Exercise objective: In the response, the entries must appear exactly as supplied.

(Dataset entries)
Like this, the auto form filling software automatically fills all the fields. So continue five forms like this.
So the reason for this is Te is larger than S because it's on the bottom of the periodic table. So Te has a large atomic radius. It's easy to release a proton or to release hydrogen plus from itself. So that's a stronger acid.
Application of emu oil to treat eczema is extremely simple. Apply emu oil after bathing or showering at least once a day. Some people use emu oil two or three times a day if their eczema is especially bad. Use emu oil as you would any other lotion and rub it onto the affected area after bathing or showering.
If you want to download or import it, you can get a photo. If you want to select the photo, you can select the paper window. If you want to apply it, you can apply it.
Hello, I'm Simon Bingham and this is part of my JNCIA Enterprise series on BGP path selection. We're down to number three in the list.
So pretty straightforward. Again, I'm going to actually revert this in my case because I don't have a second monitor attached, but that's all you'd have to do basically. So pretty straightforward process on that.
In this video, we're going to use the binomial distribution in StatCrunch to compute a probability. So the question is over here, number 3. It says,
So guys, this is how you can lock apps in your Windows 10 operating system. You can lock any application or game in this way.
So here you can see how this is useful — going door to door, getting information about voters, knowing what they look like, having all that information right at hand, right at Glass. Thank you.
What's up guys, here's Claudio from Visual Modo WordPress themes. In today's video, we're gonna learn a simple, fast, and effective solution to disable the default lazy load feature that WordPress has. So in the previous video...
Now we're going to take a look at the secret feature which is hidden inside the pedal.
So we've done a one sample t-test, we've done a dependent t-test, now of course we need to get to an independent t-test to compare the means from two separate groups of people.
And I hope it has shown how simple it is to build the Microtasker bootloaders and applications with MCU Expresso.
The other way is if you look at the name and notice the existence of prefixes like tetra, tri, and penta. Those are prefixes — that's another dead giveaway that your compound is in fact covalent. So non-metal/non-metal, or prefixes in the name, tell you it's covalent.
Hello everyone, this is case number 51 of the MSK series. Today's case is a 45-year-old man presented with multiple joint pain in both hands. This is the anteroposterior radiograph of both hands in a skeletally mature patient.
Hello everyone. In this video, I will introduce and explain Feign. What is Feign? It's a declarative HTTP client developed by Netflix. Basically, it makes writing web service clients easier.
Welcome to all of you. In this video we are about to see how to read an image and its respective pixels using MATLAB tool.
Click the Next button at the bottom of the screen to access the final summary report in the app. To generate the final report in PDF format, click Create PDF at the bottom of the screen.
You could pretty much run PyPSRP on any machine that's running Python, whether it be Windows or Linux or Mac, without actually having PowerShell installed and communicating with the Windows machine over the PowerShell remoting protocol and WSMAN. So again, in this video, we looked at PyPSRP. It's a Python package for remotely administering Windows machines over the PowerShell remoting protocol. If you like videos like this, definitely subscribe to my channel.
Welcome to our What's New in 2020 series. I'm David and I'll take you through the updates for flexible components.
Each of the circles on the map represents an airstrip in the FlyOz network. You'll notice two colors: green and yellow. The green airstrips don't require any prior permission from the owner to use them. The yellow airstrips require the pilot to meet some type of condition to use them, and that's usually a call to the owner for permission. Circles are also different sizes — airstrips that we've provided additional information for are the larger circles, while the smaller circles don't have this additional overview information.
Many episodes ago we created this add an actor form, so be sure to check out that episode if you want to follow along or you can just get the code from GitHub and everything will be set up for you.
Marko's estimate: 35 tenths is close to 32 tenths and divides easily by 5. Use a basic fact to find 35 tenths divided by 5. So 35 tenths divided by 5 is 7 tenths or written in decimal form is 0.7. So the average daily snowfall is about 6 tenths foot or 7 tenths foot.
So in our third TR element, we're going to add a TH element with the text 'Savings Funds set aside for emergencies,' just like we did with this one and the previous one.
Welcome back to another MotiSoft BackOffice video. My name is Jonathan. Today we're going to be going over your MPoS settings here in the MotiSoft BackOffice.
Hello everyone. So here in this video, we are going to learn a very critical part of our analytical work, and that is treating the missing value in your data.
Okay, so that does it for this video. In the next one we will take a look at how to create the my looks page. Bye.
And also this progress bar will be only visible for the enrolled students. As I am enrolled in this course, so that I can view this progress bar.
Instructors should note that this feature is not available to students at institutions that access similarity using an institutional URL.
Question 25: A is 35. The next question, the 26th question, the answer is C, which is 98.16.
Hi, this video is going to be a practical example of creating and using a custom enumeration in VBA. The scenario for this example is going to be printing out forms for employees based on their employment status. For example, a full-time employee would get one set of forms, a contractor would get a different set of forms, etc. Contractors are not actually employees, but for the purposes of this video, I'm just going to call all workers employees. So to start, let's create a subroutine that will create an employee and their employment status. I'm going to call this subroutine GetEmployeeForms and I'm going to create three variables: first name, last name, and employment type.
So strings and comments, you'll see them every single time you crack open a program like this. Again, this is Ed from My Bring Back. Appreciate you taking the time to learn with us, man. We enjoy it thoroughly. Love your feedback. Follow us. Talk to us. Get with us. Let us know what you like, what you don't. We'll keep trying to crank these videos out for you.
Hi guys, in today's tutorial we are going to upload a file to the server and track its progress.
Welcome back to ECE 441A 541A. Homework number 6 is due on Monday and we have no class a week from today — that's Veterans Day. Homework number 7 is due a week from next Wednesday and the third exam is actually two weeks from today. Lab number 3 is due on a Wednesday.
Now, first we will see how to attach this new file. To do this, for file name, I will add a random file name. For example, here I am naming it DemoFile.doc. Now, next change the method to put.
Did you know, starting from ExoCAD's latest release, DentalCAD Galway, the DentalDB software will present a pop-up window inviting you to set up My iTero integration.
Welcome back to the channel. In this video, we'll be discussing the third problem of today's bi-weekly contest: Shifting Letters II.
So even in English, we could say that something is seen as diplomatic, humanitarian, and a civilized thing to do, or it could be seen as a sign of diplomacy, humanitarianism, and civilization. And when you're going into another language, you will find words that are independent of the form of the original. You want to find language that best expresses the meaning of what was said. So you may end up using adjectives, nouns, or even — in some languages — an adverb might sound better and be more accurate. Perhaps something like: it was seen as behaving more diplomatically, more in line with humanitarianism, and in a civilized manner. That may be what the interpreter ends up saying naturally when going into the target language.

Task result:
Like this, the auto form filling software automatically fills all the fields. So continue five forms like this.
So the reason for this is Te is larger than S because it's on the bottom of the periodic table. So Te has a large atomic radius. It's easy to release a proton or to release hydrogen plus from itself. So that's a stronger acid.
Application of emu oil to treat eczema is extremely simple. Apply emu oil after bathing or showering at least once a day. Some people use emu oil two or three times a day if their eczema is especially bad. Use emu oil as you would any other lotion and rub it onto the affected area after bathing or showering.
If you want to download or import it, you can get a photo. If you want to select the photo, you can select the paper window. If you want to apply it, you can apply it.
Hello, I'm Simon Bingham and this is part of my JNCIA Enterprise series on BGP path selection. We're down to number three in the list.
So pretty straightforward. Again, I'm going to actually revert this in my case because I don't have a second monitor attached, but that's all you'd have to do basically. So pretty straightforward process on that.
In this video, we're going to use the binomial distribution in StatCrunch to compute a probability. So the question is over here, number 3. It says,
So guys, this is how you can lock apps in your Windows 10 operating system. You can lock any application or game in this way.
So here you can see how this is useful — going door to door, getting information about voters, knowing what they look like, having all that information right at hand, right at Glass. Thank you.
What's up guys, here's Claudio from Visual Modo WordPress themes. In today's video, we're gonna learn a simple, fast, and effective solution to disable the default lazy load feature that WordPress has. So in the previous video...
Now we're going to take a look at the secret feature which is hidden inside the pedal.
So we've done a one sample t-test, we've done a dependent t-test, now of course we need to get to an independent t-test to compare the means from two separate groups of people.
And I hope it has shown how simple it is to build the Microtasker bootloaders and applications with MCU Expresso.
The other way is if you look at the name and notice the existence of prefixes like tetra, tri, and penta. Those are prefixes — that's another dead giveaway that your compound is in fact covalent. So non-metal/non-metal, or prefixes in the name, tell you it's covalent.
Hello everyone, this is case number 51 of the MSK series. Today's case is a 45-year-old man presented with multiple joint pain in both hands. This is the anteroposterior radiograph of both hands in a skeletally mature patient.
Hello everyone. In this video, I will introduce and explain Feign. What is Feign? It's a declarative HTTP client developed by Netflix. Basically, it makes writing web service clients easier.
Welcome to all of you. In this video we are about to see how to read an image and its respective pixels using MATLAB tool.
Click the Next button at the bottom of the screen to access the final summary report in the app. To generate the final report in PDF format, click Create PDF at the bottom of the screen.
You could pretty much run PyPSRP on any machine that's running Python, whether it be Windows or Linux or Mac, without actually having PowerShell installed and communicating with the Windows machine over the PowerShell remoting protocol and WSMAN. So again, in this video, we looked at PyPSRP. It's a Python package for remotely administering Windows machines over the PowerShell remoting protocol. If you like videos like this, definitely subscribe to my channel.
Welcome to our What's New in 2020 series. I'm David and I'll take you through the updates for flexible components.
Each of the circles on the map represents an airstrip in the FlyOz network. You'll notice two colors: green and yellow. The green airstrips don't require any prior permission from the owner to use them. The yellow airstrips require the pilot to meet some type of condition to use them, and that's usually a call to the owner for permission. Circles are also different sizes — airstrips that we've provided additional information for are the larger circles, while the smaller circles don't have this additional overview information.
Many episodes ago we created this add an actor form, so be sure to check out that episode if you want to follow along or you can just get the code from GitHub and everything will be set up for you.
Marko's estimate: 35 tenths is close to 32 tenths and divides easily by 5. Use a basic fact to find 35 tenths divided by 5. So 35 tenths divided by 5 is 7 tenths or written in decimal form is 0.7. So the average daily snowfall is about 6 tenths foot or 7 tenths foot.
So in our third TR element, we're going to add a TH element with the text 'Savings Funds set aside for emergencies,' just like we did with this one and the previous one.
Welcome back to another MotiSoft BackOffice video. My name is Jonathan. Today we're going to be going over your MPoS settings here in the MotiSoft BackOffice.
Hello everyone. So here in this video, we are going to learn a very critical part of our analytical work, and that is treating the missing value in your data.
Okay, so that does it for this video. In the next one we will take a look at how to create the my looks page. Bye.
And also this progress bar will be only visible for the enrolled students. As I am enrolled in this course, so that I can view this progress bar.
Instructors should note that this feature is not available to students at institutions that access similarity using an institutional URL.
Question 25: A is 35. The next question, the 26th question, the answer is C, which is 98.16.
Hi, this video is going to be a practical example of creating and using a custom enumeration in VBA. The scenario for this example is going to be printing out forms for employees based on their employment status. For example, a full-time employee would get one set of forms, a contractor would get a different set of forms, etc. Contractors are not actually employees, but for the purposes of this video, I'm just going to call all workers employees. So to start, let's create a subroutine that will create an employee and their employment status. I'm going to call this subroutine GetEmployeeForms and I'm going to create three variables: first name, last name, and employment type.
So strings and comments, you'll see them every single time you crack open a program like this. Again, this is Ed from My Bring Back. Appreciate you taking the time to learn with us, man. We enjoy it thoroughly. Love your feedback. Follow us. Talk to us. Get with us. Let us know what you like, what you don't. We'll keep trying to crank these videos out for you.
Hi guys, in today's tutorial we are going to upload a file to the server and track its progress.
Welcome back to ECE 441A 541A. Homework number 6 is due on Monday and we have no class a week from today — that's Veterans Day. Homework number 7 is due a week from next Wednesday and the third exam is actually two weeks from today. Lab number 3 is due on a Wednesday.
Now, first we will see how to attach this new file. To do this, for file name, I will add a random file name. For example, here I am naming it DemoFile.doc. Now, next change the method to put.
Did you know, starting from ExoCAD's latest release, DentalCAD Galway, the DentalDB software will present a pop-up window inviting you to set up My iTero integration.
Welcome back to the channel. In this video, we'll be discussing the third problem of today's bi-weekly contest: Shifting Letters II.
So even in English, we could say that something is seen as diplomatic, humanitarian, and a civilized thing to do, or it could be seen as a sign of diplomacy, humanitarianism, and civilization. And when you're going into another language, you will find words that are independent of the form of the original. You want to find language that best expresses the meaning of what was said. So you may end up using adjectives, nouns, or even — in some languages — an adverb might sound better and be more accurate. Perhaps something like: it was seen as behaving more diplomatically, more in line with humanitarianism, and in a civilized manner. That may be what the interpreter ends up saying naturally when going into the target language.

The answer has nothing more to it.